Saint-honoré au Bellevue Le Rocheray

 

Votre repas se passera sous l’œil bienveillant de la patronne qui, à l’aide de son équipe, sait allier professionnalisme et convivialité. Dans le cadre idyllique de cet hôtel-restaurant, il ne vous reste plus qu’à vous détendre. Savourez et laissez-vous porter par le moment. Et qui sait? Peut-être déciderez-vous de passer la nuit sur place.

Dans votre sommeil, faites gaffe aux long-becs quand même. Des fois qu’ils viennent se venger.

 

Hôtel*** Bellevue Le Rocheray 
1347 Le Sentier
Tel: +41 (0)21 845 57 20

9 Responses to “L’incroyable Brochet du Lac de Joux au Bellevue Le Rocheray”

  1. Laurie mai 1, 2014 at 18:57 #

    Ce billet est un chef-d’œuvre si joliment écrit qu’il m’en ferait presque aimer le poisson. ^^

    • Lukas Menal mai 1, 2014 at 19:48 #

      Ce genre de billet un peu plus gastronomique et littéraire n’a pas trop la cote comparé à ceux sur le dernier fast-food à la mode. Ton commentaire me fait donc d’autant plus chaud au cœur!

  2. Elisabeth mai 1, 2014 at 21:01 #

    Je connais l’endroit et plat, bien sûr, mais ta prose fait grand bien! Un peu de sérotonine d’une source inattendue….

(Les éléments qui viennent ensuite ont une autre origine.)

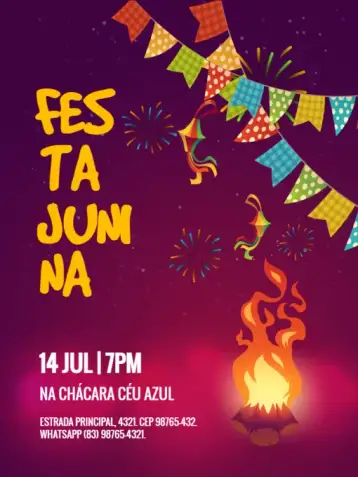 Convite Fiesta Junina Hoguera para cumpleaños infantil con temática de fiesta junina. – tema cumpleaños infantil (junino, temático, vibrante, colorido, divertido, noche estrellada)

  3. Manuel mai 3, 2014 at 21:31 #

    C’est dommage que ce genre de billets aient à ce point moins la cote que les fast-food car sont tout aussi intéressants !

    C’est un poisson que l’on ne trouve que trop rarement sur nos étals, moins encore entier mais pourtant très goûteux, certes moins fin qu’une perche ou qu’une truite mais pas moins intéressant et délicat.

    J’y penserai, si d’aventure je me rends dans ces régions 😉

  4. dynek mai 8, 2014 at 19:31 #

    Belle présentation – Table réservée pour un anniversaire 🙂

    Merci pour la découverte!

  5. La semaine d'une gourmette mai 12, 2014 at 14:06 #

    Miam ! Ca me donne nettement plus envie que le fast food, à moi ! Merci pour ce billet Lukas, je mets cette adresse précieusement de côté !

  6. Daniel décembre 8, 2014 at 17:46 #

    Je suis le propriétaire du restaurant et je viens de découvrir qu’il figurait dans ce blog. Je tenais à remercier sincèrement Lukas pour son « publireportage » sur mon établissement et sa prose culinaire très agréable à lire. L’ensemble du repas a fort été apprécié et je ne peux que m’en réjouir. Encore une fois mille mercis.

    • Lukas Menal décembre 8, 2014 at 21:35 #

      Merci de venir faire coucou ici! J’ai en effet adoré mon passage chez vous. Continuez à nous donner du bonheur!